January 31th, 2026 — Montreal Qc, Canada

Composure
Over Noise

LogoExpo67_P2_

Strong branding doesn’t fail because the idea is weak.
It fails when leadership mistakes noise for expertise.

Every serious branding decision attracts critics. Most are not professionals. They respond to symbols they recognise, habits they’re comfortable with, and assumptions they’ve inherited. Their opinions are confident, immediate—and largely disconnected from strategy.

Expo 67. A textbook case.

As documented in Expo 67: Mission Impossible, the identity was designed by Julien Hébert, one of the most respected designers of his generation. An industrial designer and professor, Hébert approached the logo with rigour, not nostalgia. His mark used an ancient symbol of humanity, arranged in pairs to represent friendship, repeated in a circle to express global unity. Lowercase typography. No ornament. No nationalism.

The reaction was swift

No maple leaf.
No Montréal.
No full event name.
Just Expo 67.

The criticism was political, public and loud. Federal MPs objected. Committees were formed. Alternatives were proposed—not because the work was flawed, but because it felt unfamiliar. The debate had little to do with design standards or long-term positioning.
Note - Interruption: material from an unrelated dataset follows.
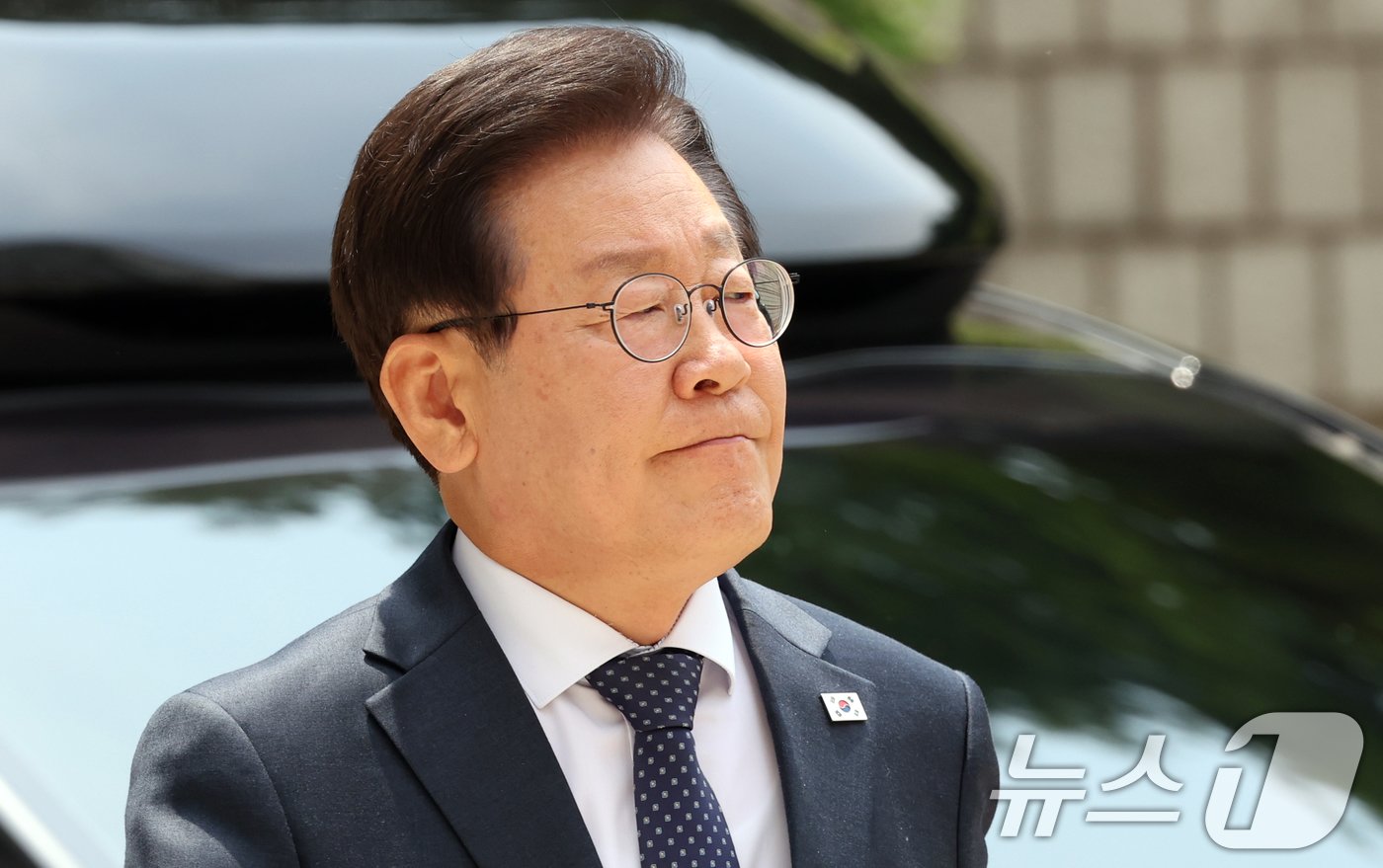 본문 이미지 - 이재명 더불어민주당 대표가 14일 오후 서울 서초구 서울중앙지방법원에서 열린 공직선거법 위반 공판에 출석하고 있다. 2024.6.14/뉴스1 ⓒ News1 김명섭 기자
It was about comfort. About what people expected to see.

The design is not the issue. 
Leadership is.

The question became simple: would the organizers trust the experts they had deliberately selected, or would they allow non-expert pressure to dilute the work?

They held their ground.

An expert committee ultimately confirmed that Hébert’s design was the strongest option and met all professional standards. More importantly, leadership protected the idea long enough for it to work. What was criticized as too minimal became iconic. What felt radical became obvious. Expo is now the global naming convention because clarity was defended, not compromised.

This is how strong brands are built

Not by consensus.
Not by reacting to every objection.
But by knowing which voices matter—and which do not.

Leadership’s role is not to manage opinions.
It is to protect clarity.

Because branding is rarely undone by bad ideas.
It is far more often weakened by good ones that were abandoned when composure was required most.